Segment Start: GIVEN MATERIAL

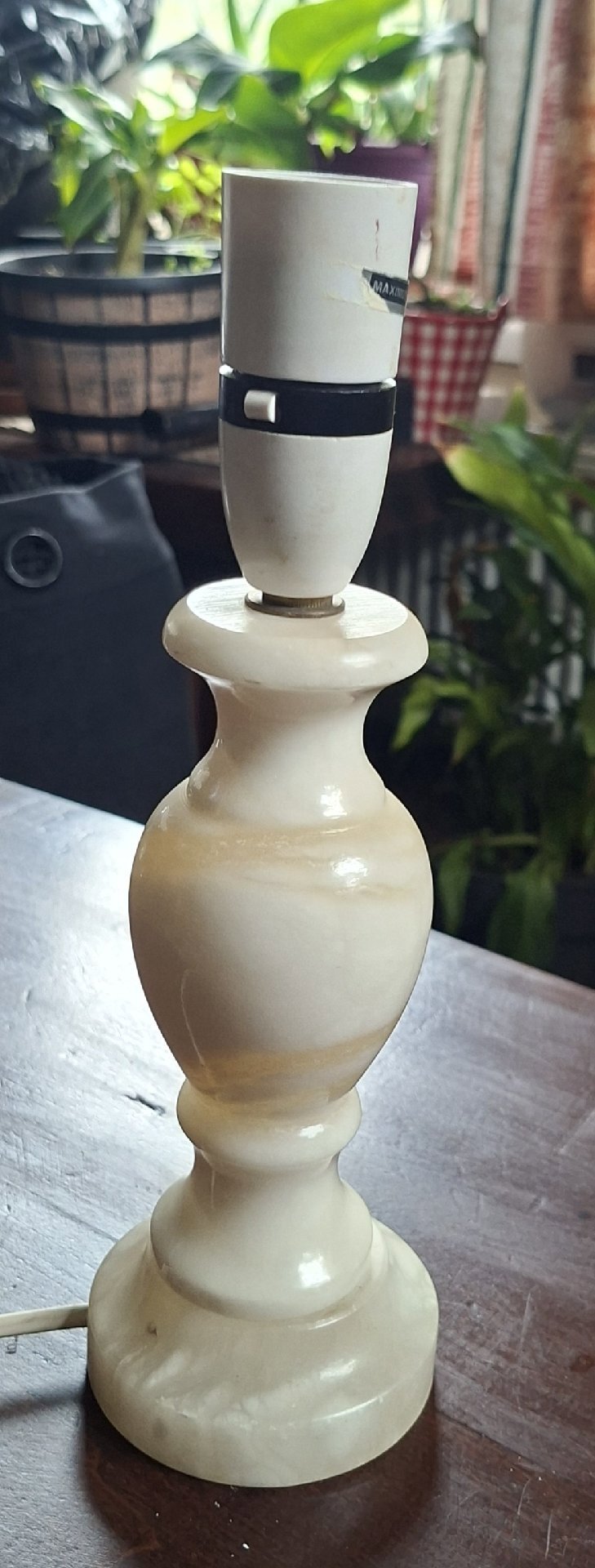 Vintage Cream Marble Table Lamp Base – Approx 20cm Tall, Vintage, 20cm height, Good condition — preloved on SilentSale®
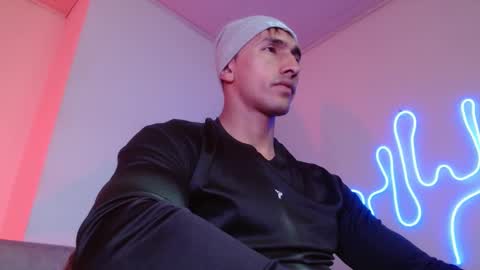  JOYLOPEZFIT online show from January 2025 02:25:01 PM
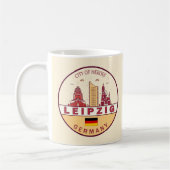 Leipzig Duitsland City Skyline Emblem Koffiemok (Links)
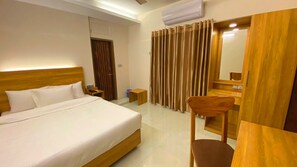 Superior Double Room | Soundproofing, free WiFi, bed sheets - Crown Palace Residence (Dhaka)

Segment End: GIVEN MATERIAL

# [ABOUT THIS TASK]
Output, exactly and without pictures, the span of lines that starts at the line containing "Leipzig Duitsland City" and ends at the last line above.

# [RESULT OF THE EXERCISE]
 Leipzig Duitsland City Skyline Emblem Koffiemok (Links)
 Superior Double Room | Soundproofing, free WiFi, bed sheets - Crown Palace Residence (Dhaka)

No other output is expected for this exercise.